I agree with Tim... all that frass looks like they are cleaning up and tearing comb out trying to control wax moths...


----------



## AstroBee (Jan 3, 2003)

It appears that some larvae are running around those dead bees. At this time of year in GA, I'd be looking for small hive beetle problems. You had better get into this hive ASAP and see what's going on.


----------



## Tim B (Apr 16, 2009)

When you go in, if you find wax moth or hive beetle larva, remove all damaged and infested combs leaving only as much as the bees can cover, reduce the entrance to an inch or two and start feeding. Freezing the combs will kill beetle and wax moth larva and will save your combs.


----------



## JRG13 (May 11, 2012)

Those are the pupal skins/schucks of hatched out bees.
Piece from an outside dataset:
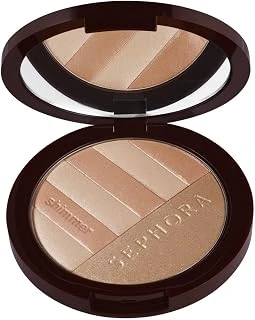 Bronzer Shımmer - Yanardöner Bronzlaştırıcı Pudra, 01 Amber Glow ürün görseli 1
What do bees usually do with them as now that I think about it, never see them. It wouldn't surprise me if they ate them or something.


----------



## Lt Dan (May 15, 2012)

OK, I finally got a chance to open it up. There are a couple of frames with uncapped nectar but all the rest looky pretty bad. Empty except for some larvae of some sort crawling around on them. The bottom board is covered with crawling and dead larvae. Here are three more pictures. Sorry that the one of the bottom is not well focused.


----------



## Sully1882 (Jul 18, 2011)

yep wax moth or SHB... you can freeze them and still save that comb though! kill what larvae you can by squishing them or stabbing them with hive tool. Do what Tim said and condense hive down. Soon you will see cocoons( if wax moth) and you can scrap them out and smash. There is something else going on with your hive though. Is there a queen? Do you have larvae and brood?

Sully


----------



## Lt Dan (May 15, 2012)

Sully, Thanks.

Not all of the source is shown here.